* _Exercise description_: In the entries that follow, find the line containing "Shelley McQuade" and the line containing "明星们都去的黄寺卤煮我们坐着挎子去探店", then copy exactly everything from the first through the second except the pictures.

* _Provided material_:
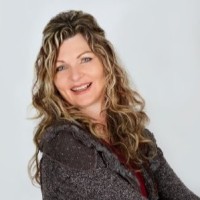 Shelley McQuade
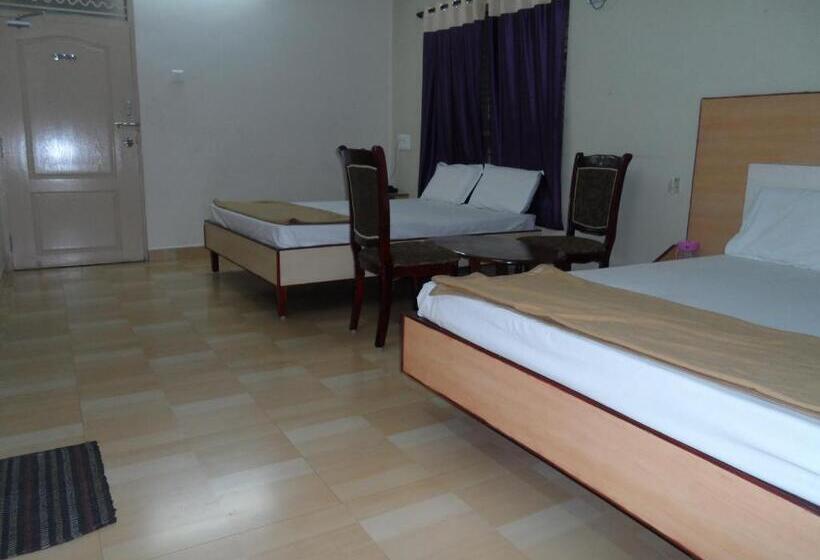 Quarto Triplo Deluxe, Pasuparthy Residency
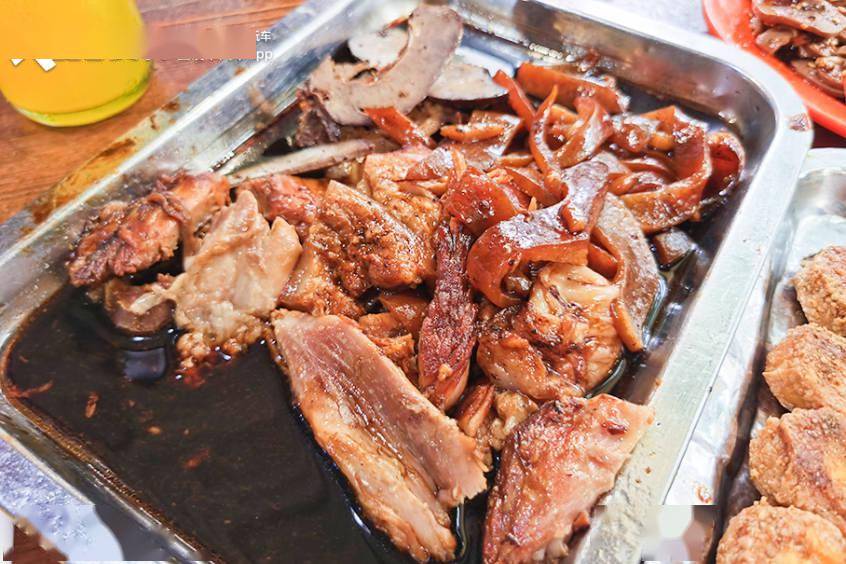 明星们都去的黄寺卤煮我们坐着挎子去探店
==
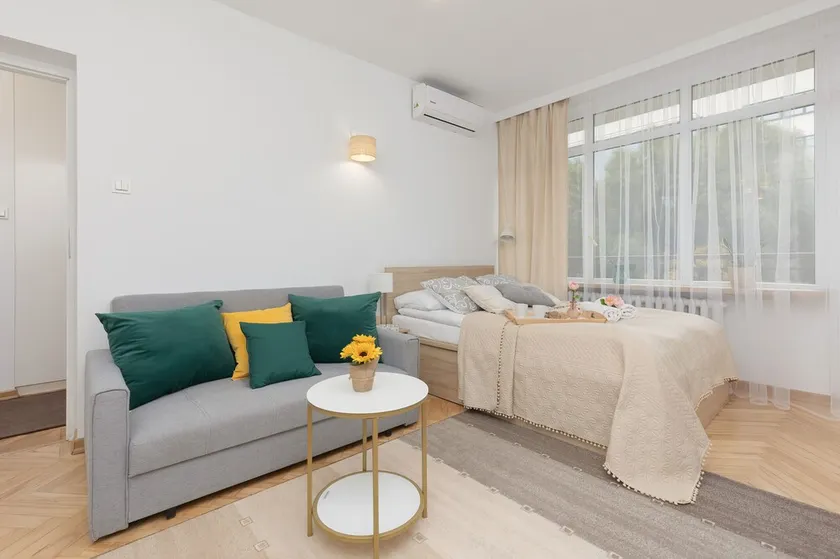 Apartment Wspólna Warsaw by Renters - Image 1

* _Task response_:
 Shelley McQuade
 Quarto Triplo Deluxe, Pasuparthy Residency
 明星们都去的黄寺卤煮我们坐着挎子去探店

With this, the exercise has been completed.